On Thu, 13 Jan 2011 14:08:36 -0500, Andrei Alexandrescu
<seewebsiteforem...@erdani.org> wrote:
On 1/13/11 8:52 AM, Steven Schveighoffer wrote:
I see it as having two vast improvements:
1. If we replace char[] with a specific type for string, then char[] can
be considered a true array by phobos, and phobos can now deal with a
char[] array without the need to cast.
2. It protects the casual user from incorrectly using a string by making
the default the correct API.
Those to me are very important.
Let's take a look:
// Incorrect string code
void fun(string s) {
foreach (i; 0 .. s.length) {
writeln("The character in position ", i, " is ", s[i]);
}
}
// Incorrect string_t code
void fun(string_t!char s) {
foreach (i; 0 .. s.codeUnits) {
writeln("The character in position ", i, " is ", s[i]);
}
}
Both functions are incorrect, albeit in different ways. The only
improvement I'm seeing is that the user needs to write codeUnits instead
of length, which may make her think twice. Clearly, however, copiously
incorrect code can be written with the proposed interface because it
tries to hide the reality that underneath a variable-length encoding is
being used, but doesn't hide it completely (albeit for good
efficiency-related reasons).
You might be looking at my previous version.
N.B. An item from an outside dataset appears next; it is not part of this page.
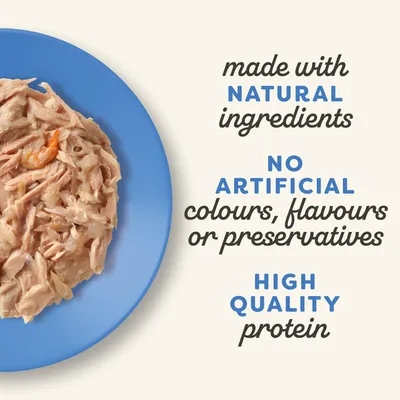 Made with natural ingredients, no artificial colourings, flavours or preservatives, high-quality protein. Made with natural ingredients, no artificial colourings, flavours or preservatives, high-quality protein.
The new version (recently
posted) will throw an exception for that code if a multi-code-unit
code-point is found.
It also supports this:
foreach(i, d; s)
{
writeln("The character in position ", i, " is ", d);
}
where i is the index (might not be sequential)
But wait, there's less. Functions for random-access range throughout
Phobos routinely assume fixed-length encoding, i.e. s[i + 1] lies next
to s[i]. From a cursory look at string_t, std.range will qualify it as a
RandomAccessRange without length. That's an odd beast but does not
change the fixed-length encoding assumption. So you'd need to
special-case algorithms for string_t, just like right now certain
algorithms are specialized for string.
isRandomAccessRange requires hasLength (see here:
http://www.dsource.org/projects/phobos/browser/trunk/phobos/std/range.d#L532).
This is not a random access range per that definition. But a string isn't
a random access range anyways (it's specifically disallowed by std.range
per that same reference).
The plan is you would *not* have to special case algorithms for string_t
as you do currently for char[]. If that's not the case, then we haven't
achieved much. Simply put, we are separating out the strange nature of
strings from arrays, so the exceptional treatment of them is handled by
the type itself, not the functions using it.